Mumbai: The Reserve Bank of India (RBI) on Monday operationalized the foreign currency liquidity measures announced by governor Sanjay Malhotra in Friday’s monetary policy, introducing special dollar-rupee swap facilities for foreign currency non-resident (FCNR) deposits and external commercial borrowings (ECBs) to encourage inflows and support the rupee.
Under the FCNR(B) scheme, banks can access a US dollar-rupee swap facility for fresh foreign currency non-resident deposits mobilized for a tenor of three to five years. The facility will be available only in US dollars, regardless of the currency in which deposits are raised.
Banks will be able to swap dollars with the RBI at par—exchanging dollars for rupees today and reversing the transaction at the same exchange rate at maturity. The window will be open for deposits mobilized until 30 September 2026, while the swap facility will remain available until 16 October 2026.
Swap facility introduced
Separately, the RBI introduced a swap facility for eligible ECBs raised by public sector companies and overseas foreign currency borrowings (OFCBs) raised by banks. These will cover borrowings with an average maturity of three years and above drawn until 31 December 2026, as well as OFCBs raised by banks with a minimum three-year tenor.

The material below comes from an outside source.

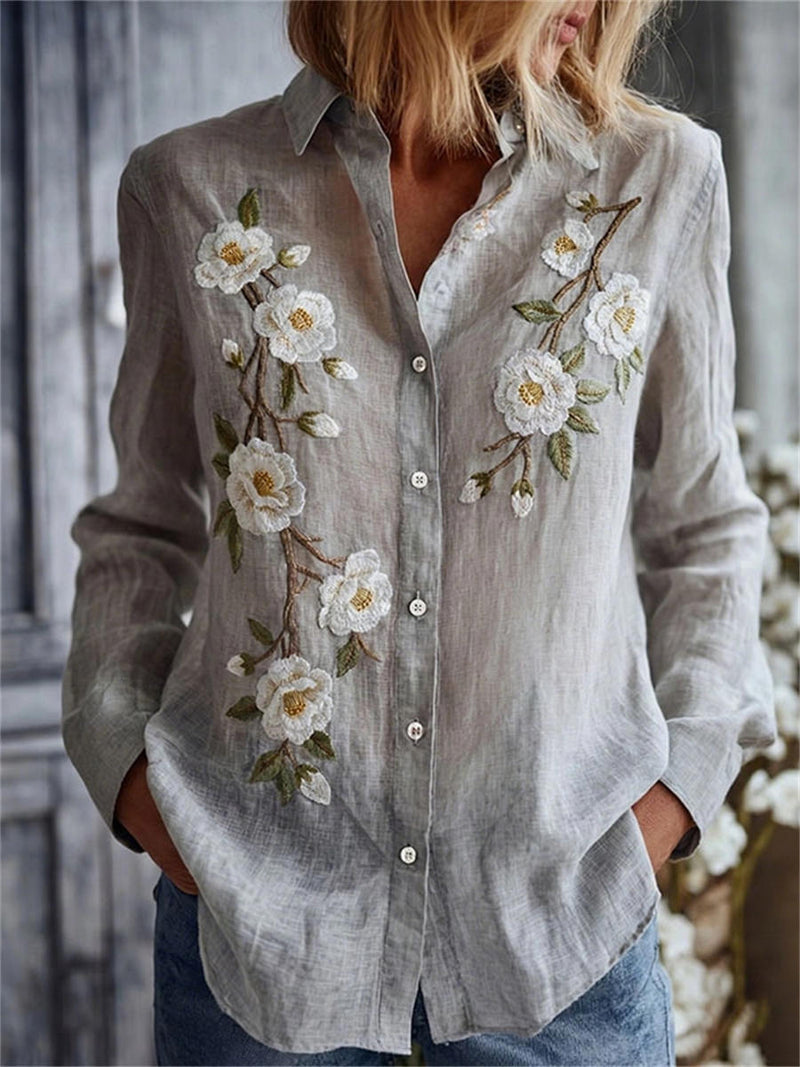 Women's Grey Floral Embroidery Turn Down Collar Long Sleeve Button Down Blouse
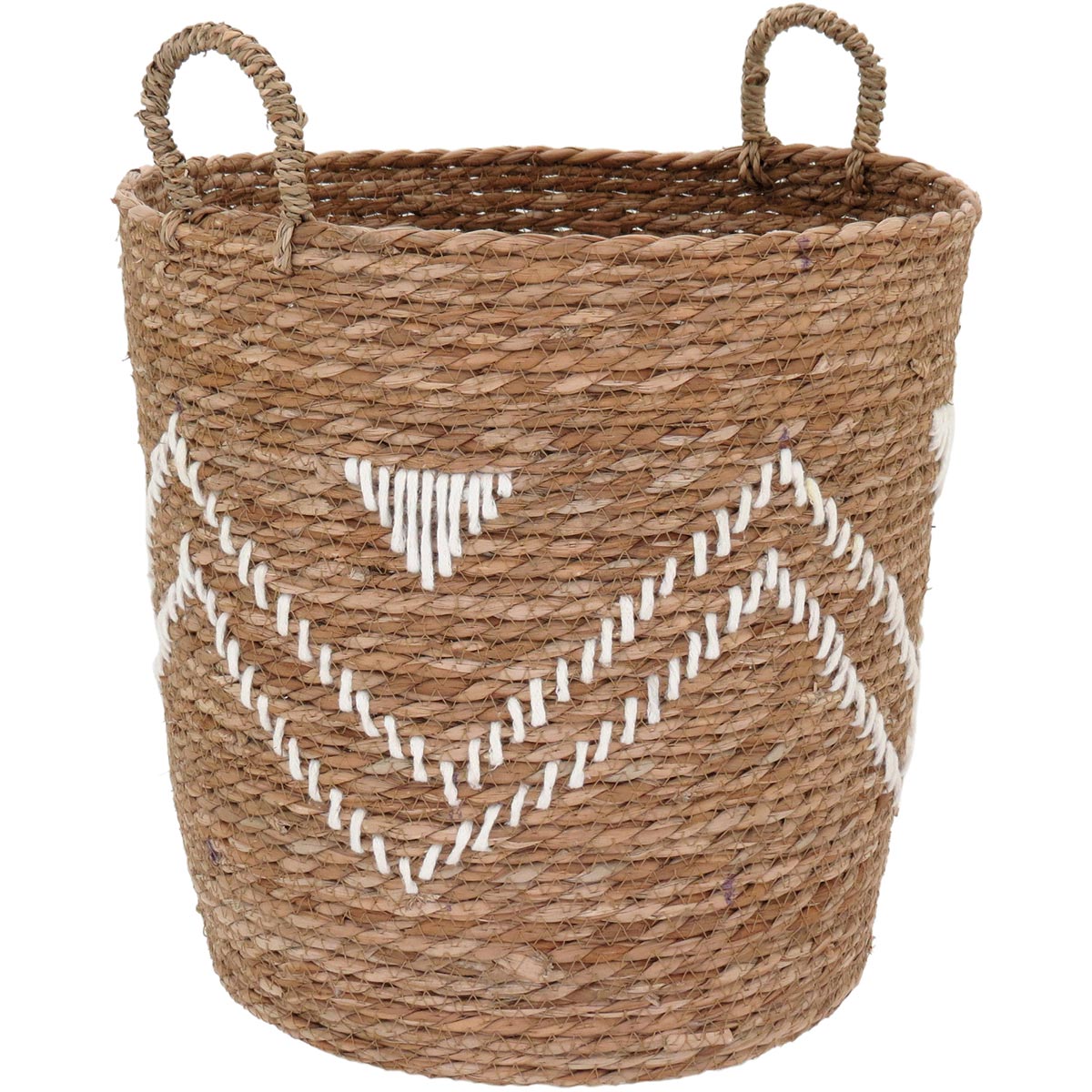 Conjunto de Cestas Decorativas em Fibra Natural - 3 Peças Marrom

Under this facility, banks can sell US dollars to the central bank and agree to buy them back at the end of the swap period. Unlike the FCNR scheme, the ECB/OFCB facility will carry a fixed swap cost of 1.5% per annum, compounded semi-annually, with the maximum tenor linked to the borrowing maturity, subject to a five-year cap.
The RBI also allowed authorized dealer banks to exclude swap positions arising from FCNR(B) deposits, ECBs and OFCBs from their net overnight open position (NOP-INR) calculations, easing regulatory constraints on participation.
The measures are aimed at attracting durable foreign currency inflows, reducing hedging costs for borrowers and banks, and strengthening external buffers amid heightened global uncertainty.
Market participants expect the combined impact of the moves to bring in $40–50 billion in FY27, which could support the rupee.